This BBC page holds that the father may have written the works in the Eton Choirbook, since the son was better known for Courtly masques and entertainments--but he was Master of the Children of the Chapel Royal for many years. On this Holy Saturday, however, what I am most interested in is the Stabat Mater, the title of the CD and the last work on the CD:

The Stabat mater is a masterpiece which contains frequent contrasts between ornate and simpler passages: these juxtapositions are something of a speciality of Cornysh's. That this setting is less well-known might be because the opening sections survive incomplete, though these have been magnificently reconstructed by Professor Frank Harrison. In general Cornysh's style is less introverted than that of his greatest contemporary John Browne. Cornysh always seemed to be striving for the most brilliant effect, or the most pathetic tone, a way of thinking which would have made him perfectly suited to the madrigal a hundred years later, and makes him reminiscent of Thomas Weelkes.

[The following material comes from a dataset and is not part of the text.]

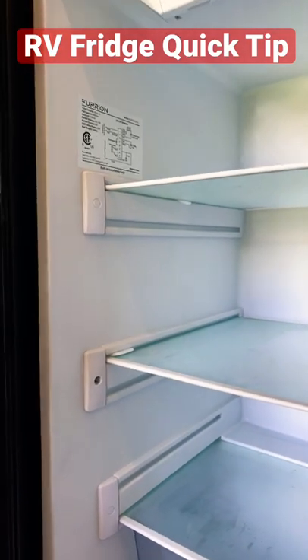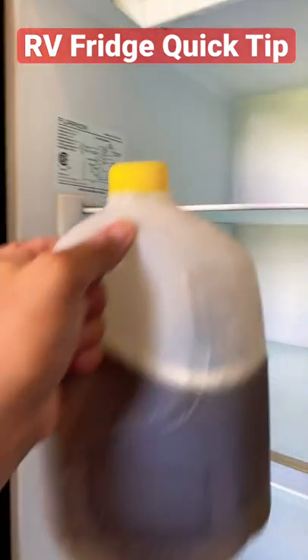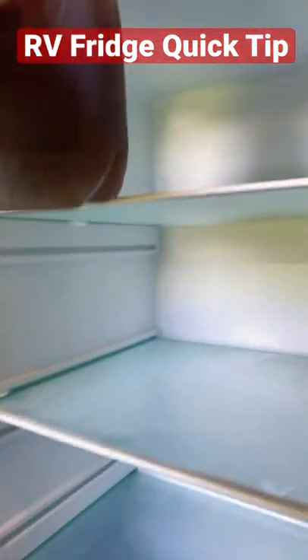Hey friends, just a real quick tip on how to adjust your Furion 12-volt fridge. We've got a situation from the factory that this will not fit — a gallon won't fit here, a gallon won't fit here, a gallon won't fit here.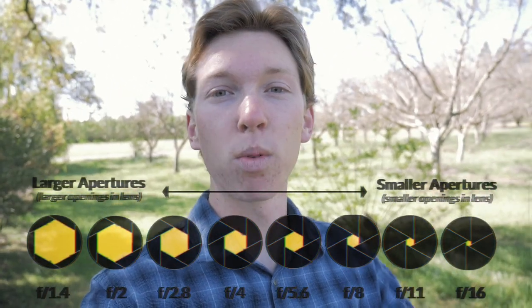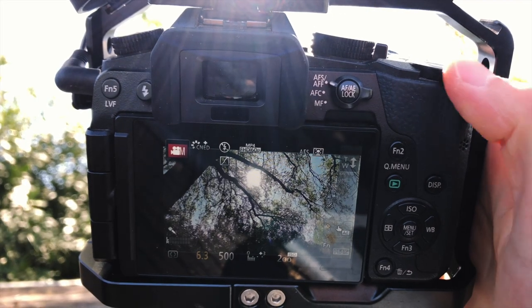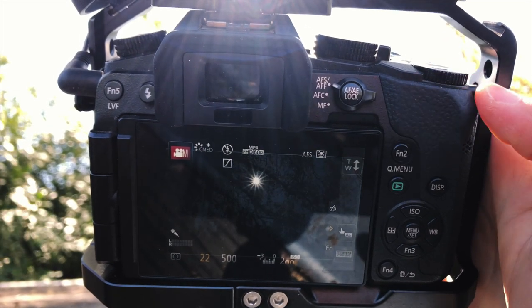That's usually f22 in most cameras. Basically what this is going to do is let less light into the camera, which means there's just a pinprick of light coming in, which creates this star flare — super cool and stylistic. This kind of depends on your lens, but for this specific lens the controls are electronic and inside the camera, so you have to change the aperture that way.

Cornysh is also the composer of Woefully Arrayed, performed here by Stile Antico, from their 2012 CD Passion and Resurrection:


Gimell Records even has a vinyl recording of the Tallis Scholars' CD of Cornysh music available--carefully preserved from the 20th century.

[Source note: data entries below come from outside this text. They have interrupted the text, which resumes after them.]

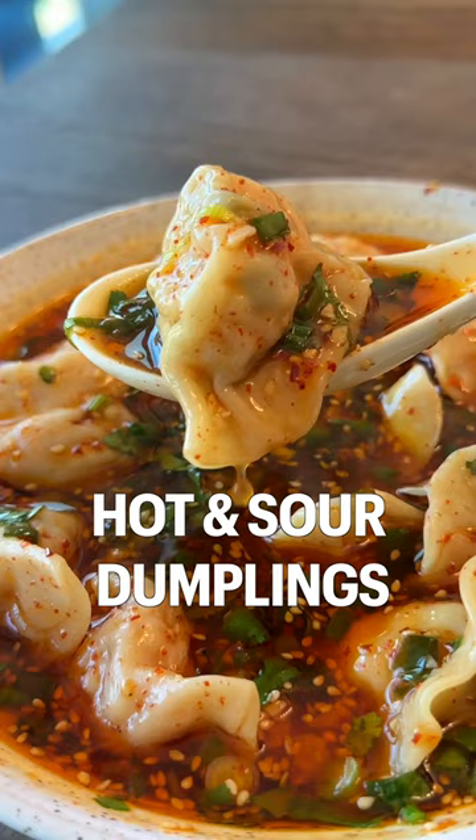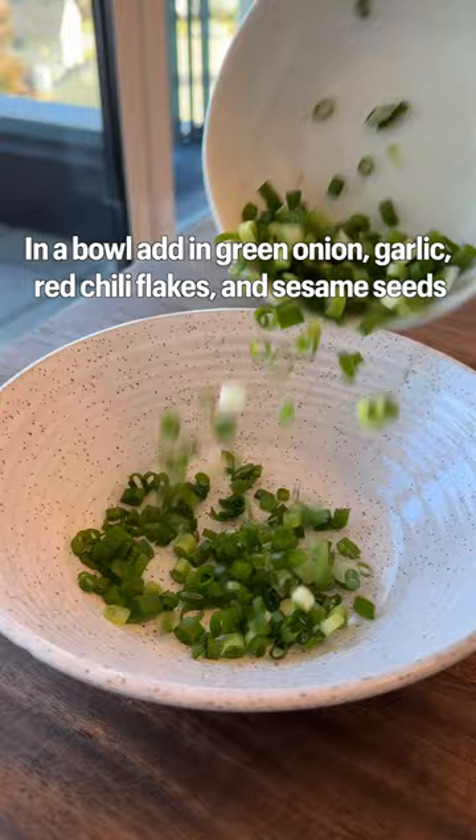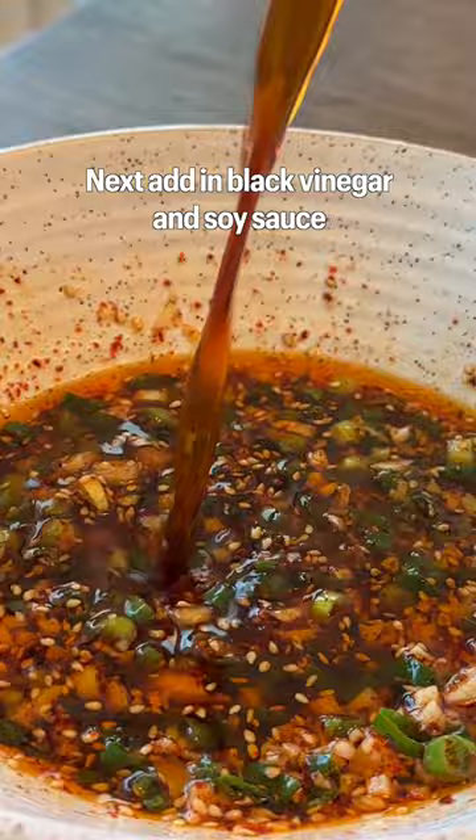Try making these 10-minute hot and sour dumplings that's super addicting and delicious. In a bowl, add in green onion, garlic, red chili flakes, and sesame seeds. Next, add in black vinegar and soy sauce.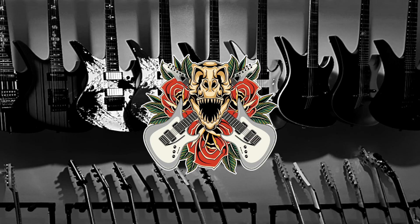Welcome to Tyrannosaurus Riffs. My name is Brandon and today we're gonna unbox a new guitar. What's going on everyone? I hope you're doing well out there.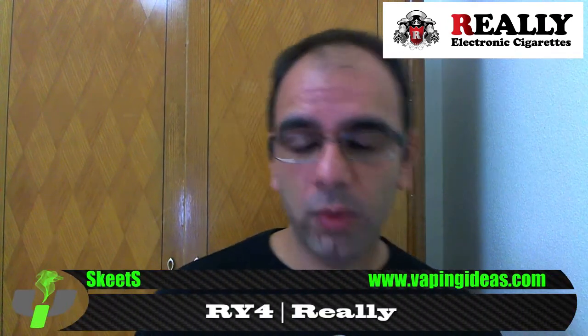Hey guys, once again this is Kids from Living Ideas, here to review today another juice, another e-liquid from really-easy-red.com. So on this video, on this review, I've got Golden Silver.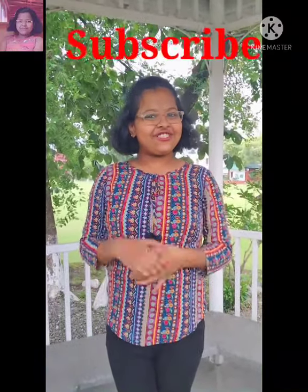Hello everyone, my name is Rajshree and I welcome you all to Rajshree's Kitchen. Before I begin with the preparation, I would like you all to please like, share, comment and subscribe to my channel Rajshree's Kitchen.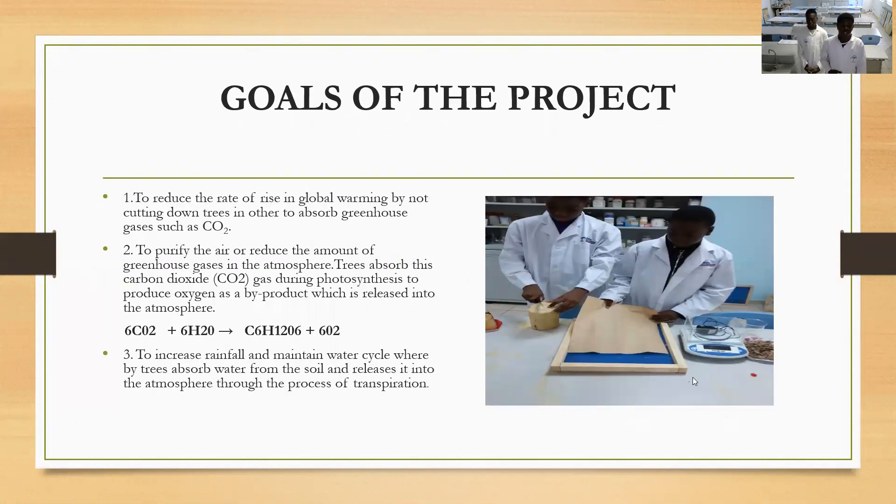The aims of this project are to purify the air in the environment, to reduce the amount of greenhouse gases, and to increase the rainfall cycle in our environment.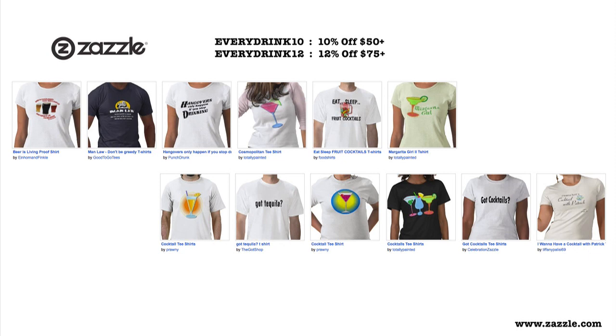This episode is brought to you by Zazzle.com — millions of creators, buyers, and sellers; billions of products. Use our code EVERYDRINK10 to save 10% off orders of $50 or more.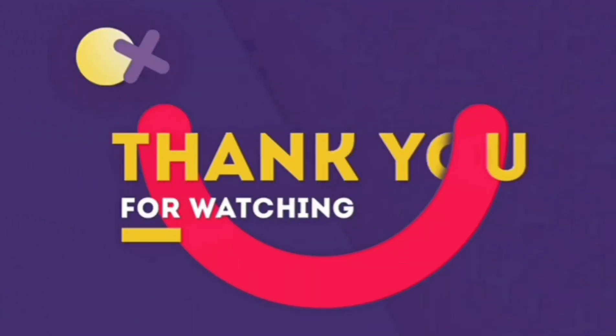This is the end of today's video. If you like the video please click on the like button. If you are new on this channel please subscribe. If you have any doubt regarding this, do comment down below. Thank you for watching.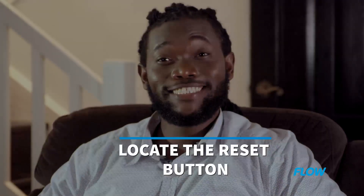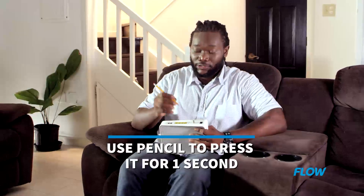On the back of your modem you'll see a small reset button near the middle. Use a pencil to press it for about one second. Try not to press it for too long as this may lead to all your current Wi-Fi settings being deleted. You just want to reset the modem, not the settings.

An Ancient Homily for Holy Saturday: The Harrowing of Hell


Something strange is happening -- there is a great silence on earth today, a great silence and stillness. The whole earth keeps silence because the King is asleep. The earth trembled and is still because God has fallen asleep in the flesh and he has raised up all who have slept ever since the world began. God has died in the flesh and hell trembles with fear.

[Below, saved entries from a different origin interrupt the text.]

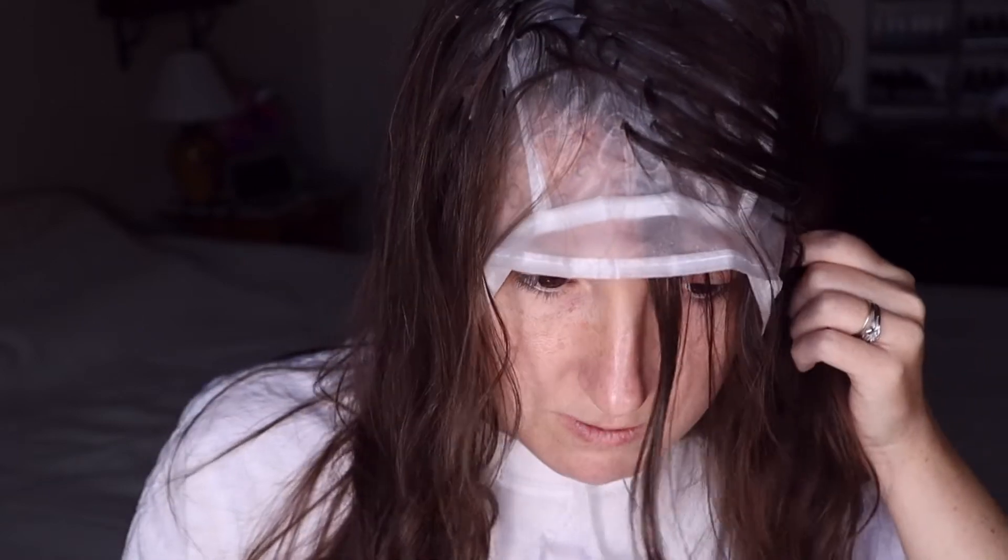My husband helped me and we pulled the hair through every single hole. I'm a little concerned because it's going to be a lot of hair. There is some hair that's not through but seriously, this is going to be a very drastic difference. I'm going to start mixing everything up. If anybody says they're doing this on their own, I'd have to say no — I couldn't see the back at all.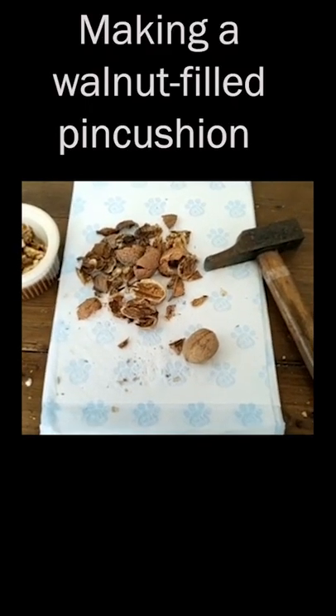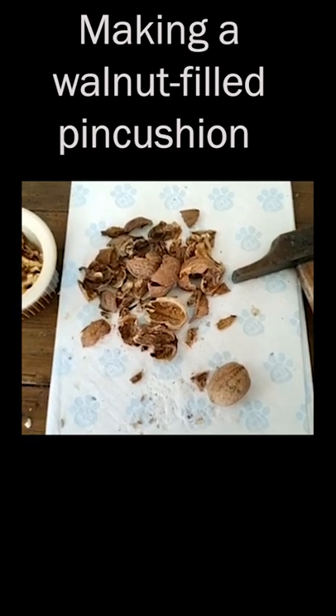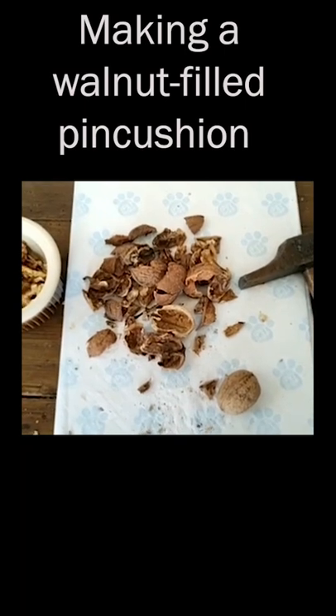Trying a thing today. I want to make a little pincushion, and I've been told that walnut shells are a really great stuffing for a pincushion because they're a nice weight and they also sharpen your pins, which is great.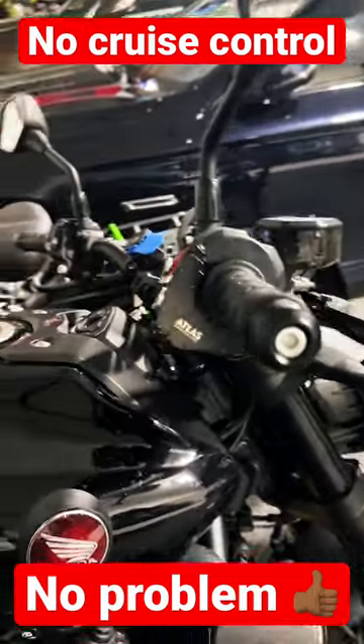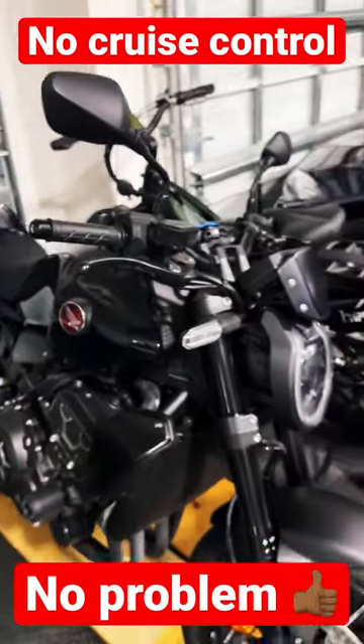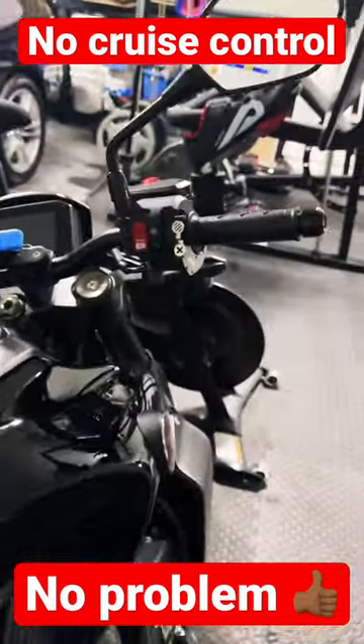Really nice design, nice and sleek, hardly noticeable. I'm going to take it on the road in a little bit and just test it out. Let me know what you guys think.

He has gone to search for our first parent, as for a lost sheep. Greatly desiring to visit those who live in darkness and in the shadow of death, he has gone to free from sorrow the captives Adam and Eve. The Lord approached them bearing the Cross, the weapon that had won him the victory. At the sight of him Adam, the first man he had created, struck his breast in terror and cried out to everyone: 'My Lord be with you all.' Christ answered him: 'And with your spirit.' He took him by the hand and raised him up, saying: 'Awake, o sleeper, and rise from the dead, and Christ will give you light.'

I am your God, who for your sake have become your son. Out of love for you and your descendants I now by my own authority command all who are held in bondage to come forth, all who are in darkness to be enlightened, all who are sleeping to arise. I order you, O sleeper, to awake. I did not create you to be held a prisoner in Hell. Rise from the dead, for I am the life of the dead. Rise up, work of my hands, you who were created in my image. Rise, let us leave this place, for you are in Me and I in you; together we form one person and cannot be separated.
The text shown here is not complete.